→ **Work item**
Among the entries below, copy only the span from the line containing "Welcome everyone to" through the line containing "In step two, choose". Do so exactly, and skip the pictures.

→ **Provided entries**
....

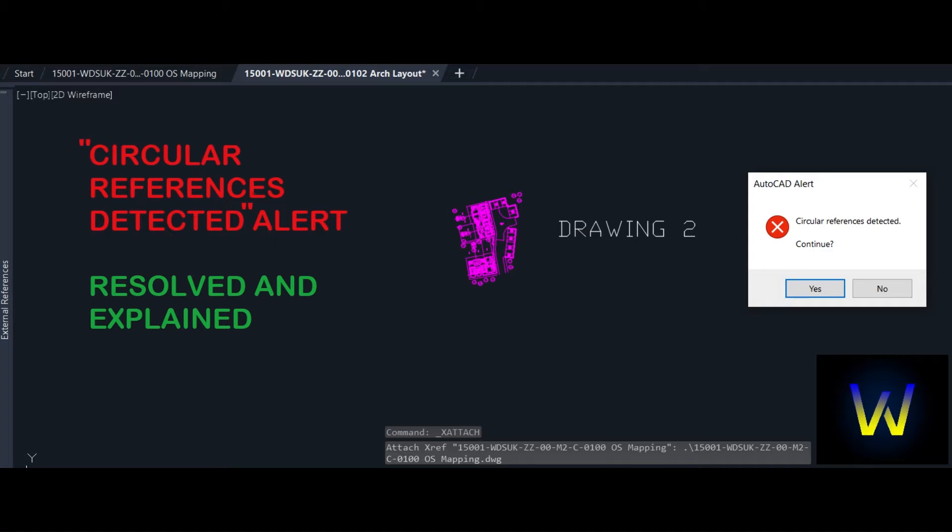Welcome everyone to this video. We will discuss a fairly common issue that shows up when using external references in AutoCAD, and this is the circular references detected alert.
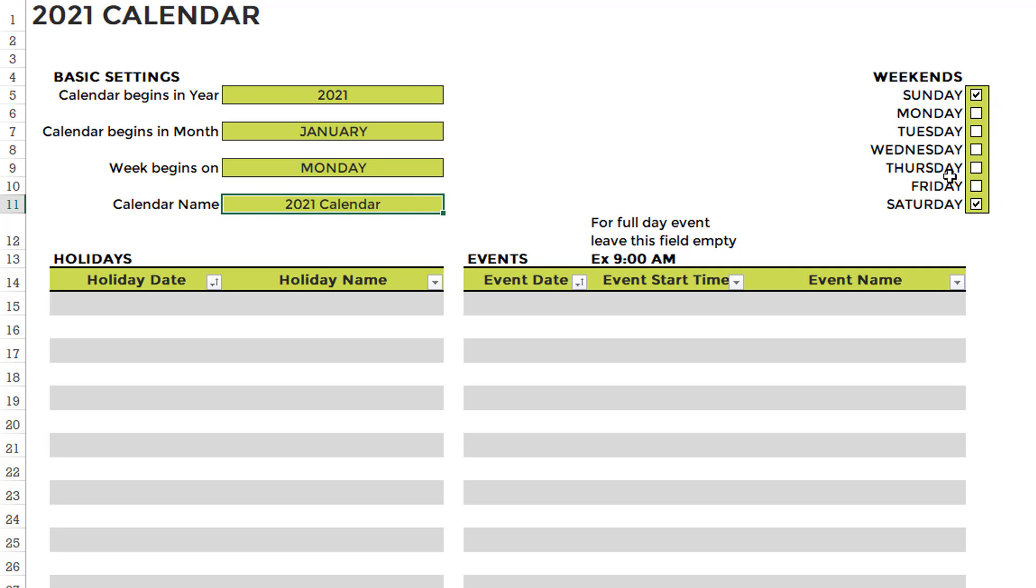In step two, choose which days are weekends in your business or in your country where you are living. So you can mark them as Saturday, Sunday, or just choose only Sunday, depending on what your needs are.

....

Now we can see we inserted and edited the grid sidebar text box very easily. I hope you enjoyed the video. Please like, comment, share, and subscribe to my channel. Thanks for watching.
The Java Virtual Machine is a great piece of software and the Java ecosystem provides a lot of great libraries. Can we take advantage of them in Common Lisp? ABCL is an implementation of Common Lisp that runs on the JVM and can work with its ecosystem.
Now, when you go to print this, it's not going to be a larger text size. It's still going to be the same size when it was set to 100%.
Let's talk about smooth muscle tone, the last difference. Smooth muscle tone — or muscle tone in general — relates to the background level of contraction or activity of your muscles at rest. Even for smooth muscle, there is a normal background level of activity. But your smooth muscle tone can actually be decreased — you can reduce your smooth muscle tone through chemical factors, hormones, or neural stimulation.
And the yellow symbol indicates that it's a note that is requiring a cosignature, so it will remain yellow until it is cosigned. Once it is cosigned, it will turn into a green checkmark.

....

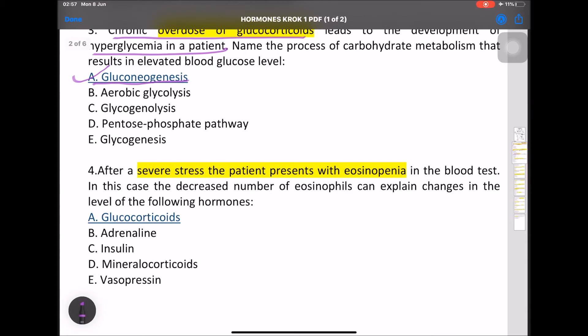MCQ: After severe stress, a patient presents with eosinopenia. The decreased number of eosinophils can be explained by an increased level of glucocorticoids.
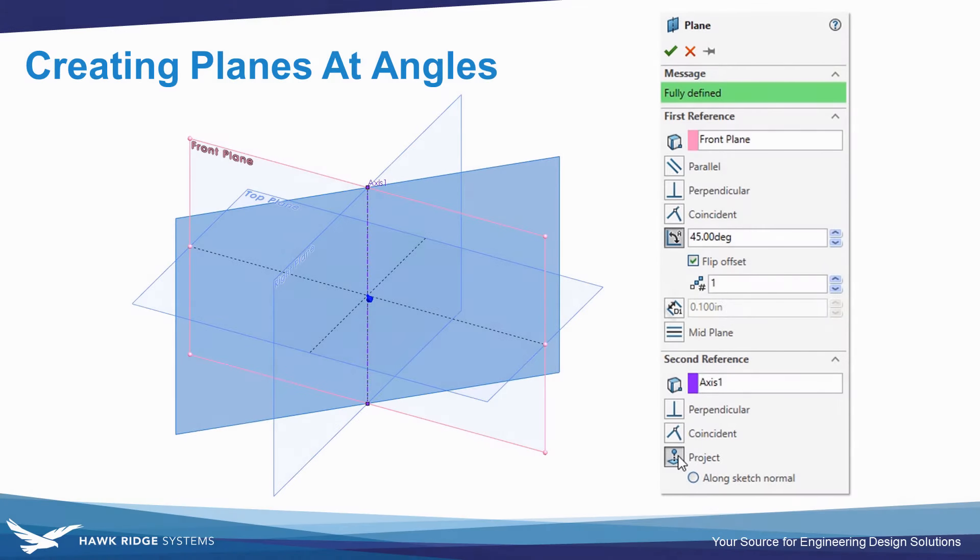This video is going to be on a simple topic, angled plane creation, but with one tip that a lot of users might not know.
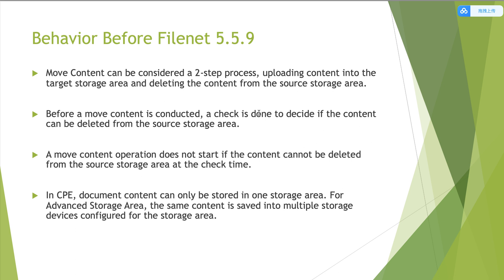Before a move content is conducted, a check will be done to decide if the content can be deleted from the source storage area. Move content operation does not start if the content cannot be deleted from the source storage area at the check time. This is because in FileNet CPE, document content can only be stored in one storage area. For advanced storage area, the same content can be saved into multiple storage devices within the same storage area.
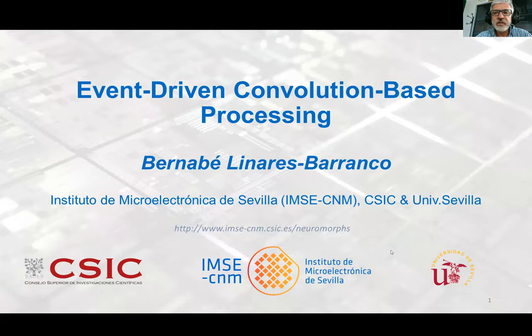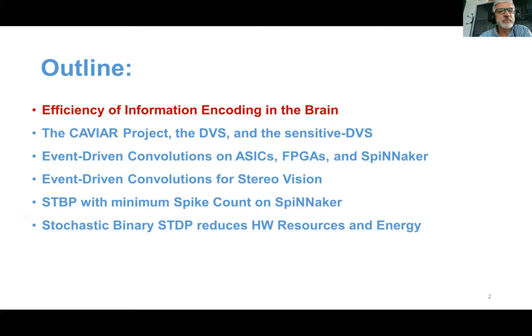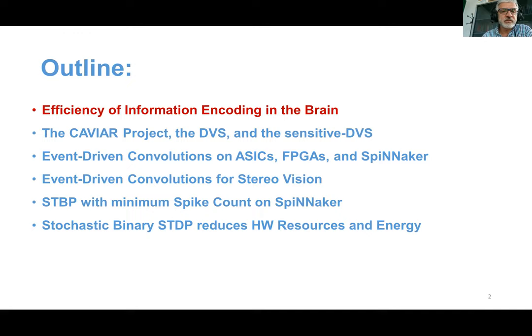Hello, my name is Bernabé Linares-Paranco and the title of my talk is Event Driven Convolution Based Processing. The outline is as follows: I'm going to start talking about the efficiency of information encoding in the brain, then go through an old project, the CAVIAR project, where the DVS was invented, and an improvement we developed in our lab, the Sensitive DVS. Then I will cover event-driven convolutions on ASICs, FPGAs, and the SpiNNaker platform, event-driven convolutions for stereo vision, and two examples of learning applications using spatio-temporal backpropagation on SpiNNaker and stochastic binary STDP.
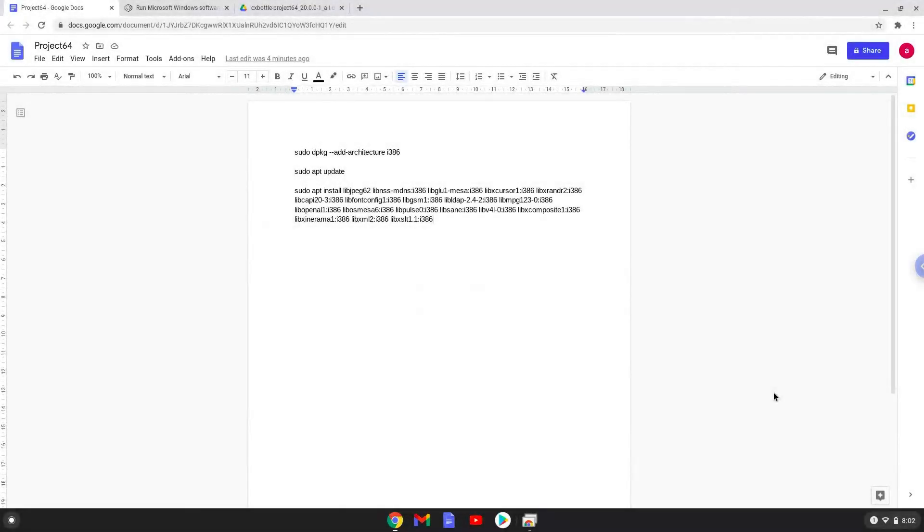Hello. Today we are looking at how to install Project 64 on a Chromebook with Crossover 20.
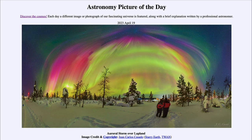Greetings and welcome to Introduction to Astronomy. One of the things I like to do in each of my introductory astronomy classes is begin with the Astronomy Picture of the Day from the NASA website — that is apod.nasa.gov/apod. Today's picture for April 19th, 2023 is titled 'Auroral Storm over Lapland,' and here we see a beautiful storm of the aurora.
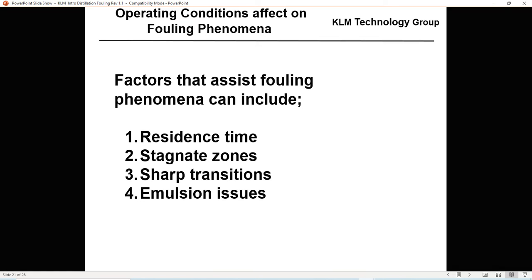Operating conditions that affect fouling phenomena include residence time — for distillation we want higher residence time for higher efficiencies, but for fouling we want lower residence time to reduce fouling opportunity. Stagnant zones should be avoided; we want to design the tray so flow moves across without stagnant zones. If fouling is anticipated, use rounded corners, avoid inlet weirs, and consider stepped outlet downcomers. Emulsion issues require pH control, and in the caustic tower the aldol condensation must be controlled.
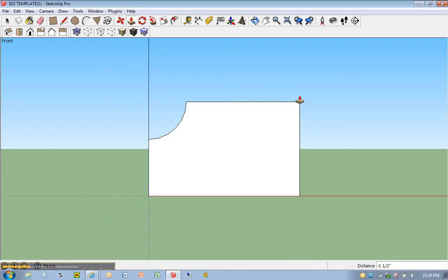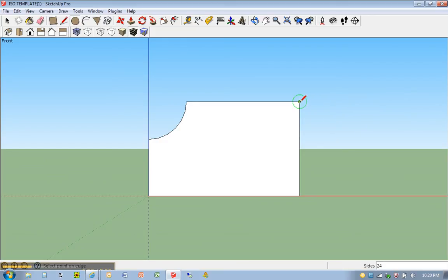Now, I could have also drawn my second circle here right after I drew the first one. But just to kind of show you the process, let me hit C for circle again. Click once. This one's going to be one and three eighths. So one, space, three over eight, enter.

....

→ **Result of the exercise**
Welcome everyone to this video. We will discuss a fairly common issue that shows up when using external references in AutoCAD, and this is the circular references detected alert.
In step two, choose which days are weekends in your business or in your country where you are living. So you can mark them as Saturday, Sunday, or just choose only Sunday, depending on what your needs are.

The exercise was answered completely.